12月26日(鳩)

恐ろしく太った鳩が歩いていた。

 

寒さが一層際立つ夕方。目をかっぴらき、風で眼球を冷やしながら歩いていると、脇道からヨタヨタと1匹の鳩が出てきた。そのまま直ぐ目の前を歩き始めるから、あたかも私が鳩を尾行しているような絵面である。

 

さすがに冬であるから、鳩だって犬猫と同じように脂肪を蓄えたり、羽毛が増えたりもするだろう。それにしたって、こいつは明らかに体が膨張し過ぎている。

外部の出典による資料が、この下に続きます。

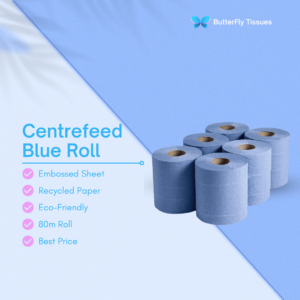 Centrefeed Blue Rolls 2-Ply | 80m | Pack of 6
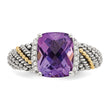 Shey Couture Sterling Silver with 14K Accent Antiqued Diamond and Cushion Amethyst Ring - Birthstone Company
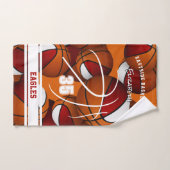Rood Wit Basketbal Team Kleuren Atleet Naam Handdoek (Handdoek)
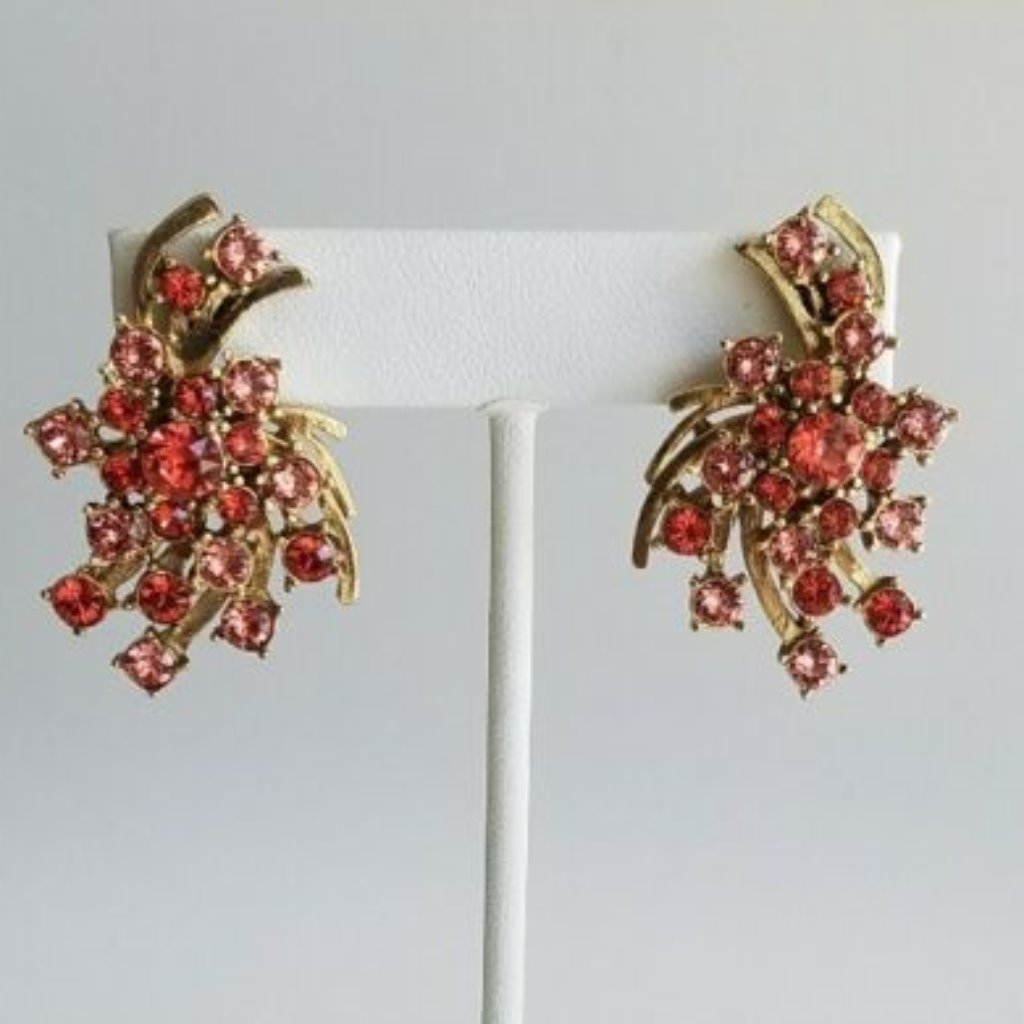 Oscar De La Renta Multi Crystal Button Earrings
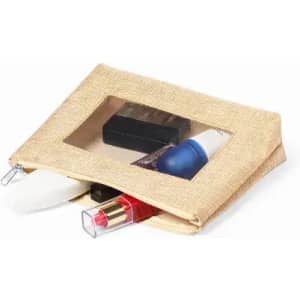 A cosmetic bag made of natural fabric, featuring a transparent window and containing various beauty products.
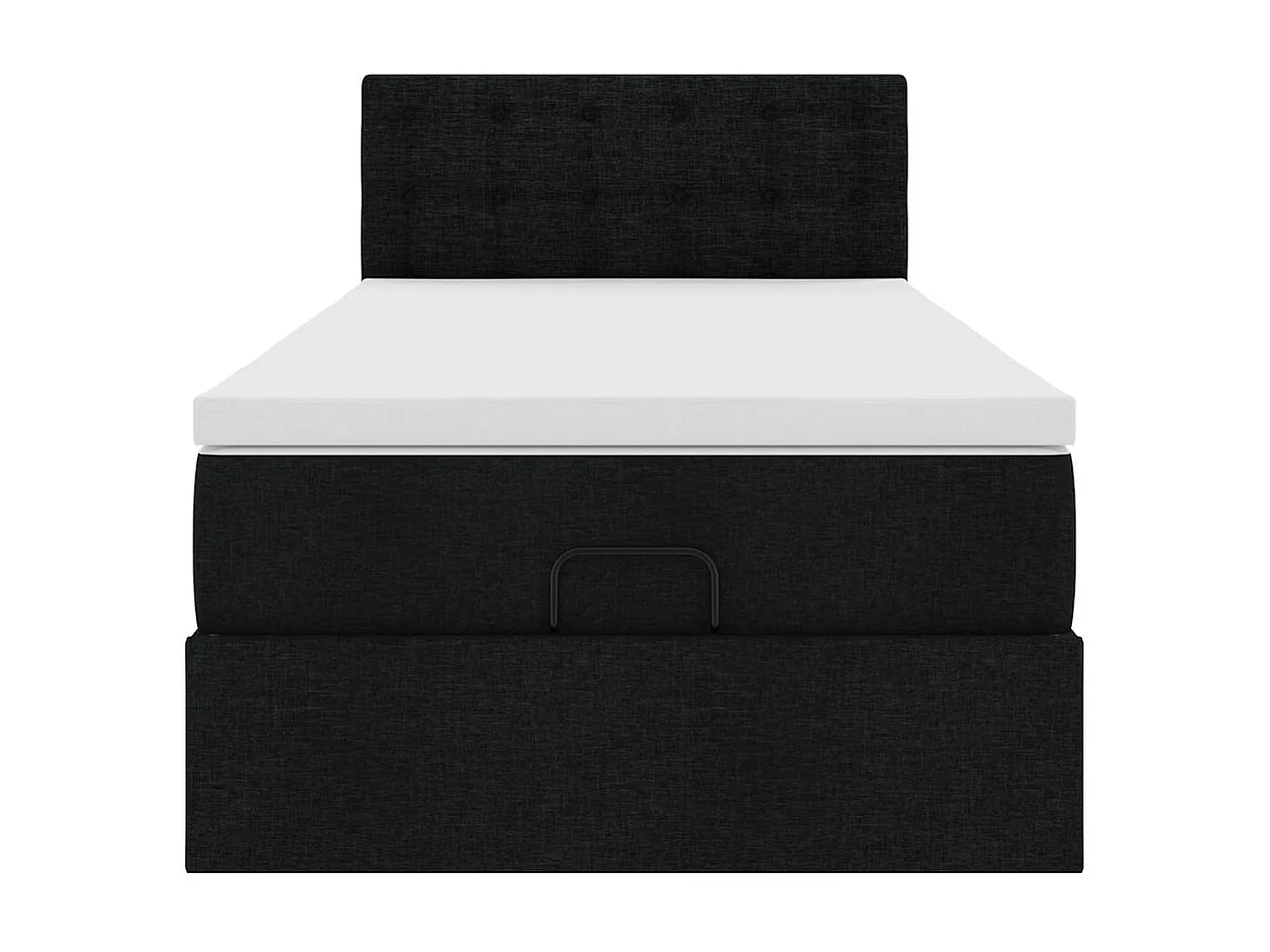 Lit ottoman avec matelas noir 90x200 cm tissu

首から上は一般的な鳩と同じくシュッとしているが、その下の胴体部分は頭5つ分くらいの横幅があり、公園で戯れる鳩たちの2倍ほどもありそうである。後ろ姿はほとんどボールであり、まんまるな体から細い首が生えているもんだから、まるで枝がついたままのリンゴのようなシルエットである。

仮に羽毛が増え過ぎたとして、ここまで膨らむものだろうか。翼を広げて胴体の毛を全部むしり取ったとして、そもそもの体自体が随分恰幅良い気がする。

 

大き過ぎる体を左右に揺らしながら、ヨタヨタとバランス悪そうに歩いている。このままだと踏み潰しかねないので、外側から追い越してしまうことにした。

2メートルほど離れていたところから、少しだけ早歩きする。直ぐに鳩の真後ろまで来たが、人馴れしているのか全く驚く素振りを見せない。蹴り飛ばしそうな距離まで近付いたところで、ほとんど跨ぐように追い越した。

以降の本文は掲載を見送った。